By Christine Gelley
Making and feeding hay can be tricky business. After a long season feeding hay, livestock producers are getting a lot of experience judging hay by its appearance. The way hay looks and feels can be helpful for making assumptions about hay, but appearance, smell, and texture are just a few indicators of quality. It takes these factors plus a laboratory analysis to truly understand the nutritional value of hay.
Even with a hay test in hand, we should still use our senses of sight, smell, and touch to help evaluate quality because sometimes we can spot an unwanted contaminant in hay that a lab test would miss.
The following are hay quality indicators that we can pick up on using our senses to determine if hay is worth feeding to our livestock:
- Leafiness- Leaves are the most digestible portion of the plant, both for grasses and legumes. Leaves should be plentiful and attached to the stems. A greater presence of leaves in hay tends to be correlated to greater nutritional value for the livestock consuming it.

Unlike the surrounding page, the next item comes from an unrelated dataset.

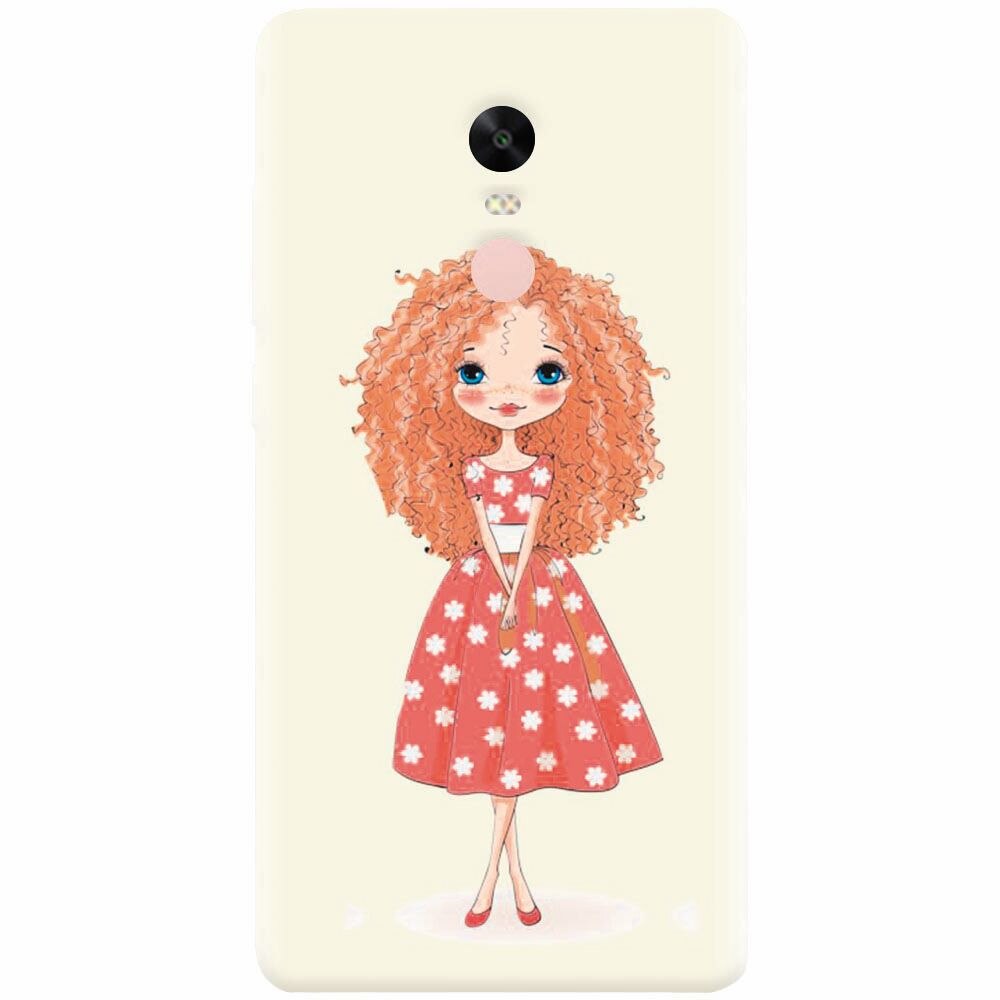 Husa silicon pentru Xiaomi Redmi Note 4, Sweet Little Girl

- Maturity- Maturity is the number one factor that impacts forage quality. As plants mature, fiber content increases and digestibility decreases. Over mature hay has many stems and many seeds with few leaves.
Leafiness and maturity are hay traits that are set on the day hay is harvested.
- Odor- Bad smells indicate problems like spoilage and mold growth. Animals will refuse hay that smells bad. Bad hay may smell sour, musty, be dusty, or damp. If you don’t like how the hay smells, your livestock won’t either.
- Color- Color is not a reliable indicator of quality. Green hay is usually a sign of good curing conditions. However, assuming that green hay is better than brown hay, could be inaccurate.
- Softness- The texture of the hay is important for animal intake. Pokey or brittle hay will decrease intake. Look for weeds that have thorns, spines, or awns before feeding. These plant structures will not only contribute to lower hay intake but could also pose health threats to certain livestock species.
- Purity- Pure stands of the same species, or collection of species are important for marketing purposes. Pure hay is easier to fit into a feed program and to describe for sale.
- Bale Condition- Hay bales should be uniform size and shape for easier storage. Wrapped bales should be adequately covered for protection from the weather and to prevent spoilage.
- Penalties- Contaminants in hay may include poisonous weeds, mold, dirt, and trash. These greatly reduce the quality and value of the hay. If you are making your own hay, scout fields for trash before you mow hay. Wind, flood, littering, and broken machinery can lead to harmful contamination of hay and can damage equipment, with costly consequences. Scout for weeds each season and develop an integrated approach to weed control to promote desirable plants and reduce harmful plants in hay. If buying hay, scout for signs of trash and weeds before, during, and after feeding. Determining what plants are weeds and what plants are not can be a challenge after harvest. A great place to learn more about common weeds of Ohio is the online Ohio Perennial and Biennial Weed Guide which can be access at: https://weedguide.cfaes.osu.edu/
I hope we are closing in on the end of hay feeding season and that conditions post-drought will improve to allow for a productive hay season in 2025. Take these hay judging tips into consideration ahead of hay season to maximize the marketability and nutritive value of the hay you are preparing to grow and harvest this year.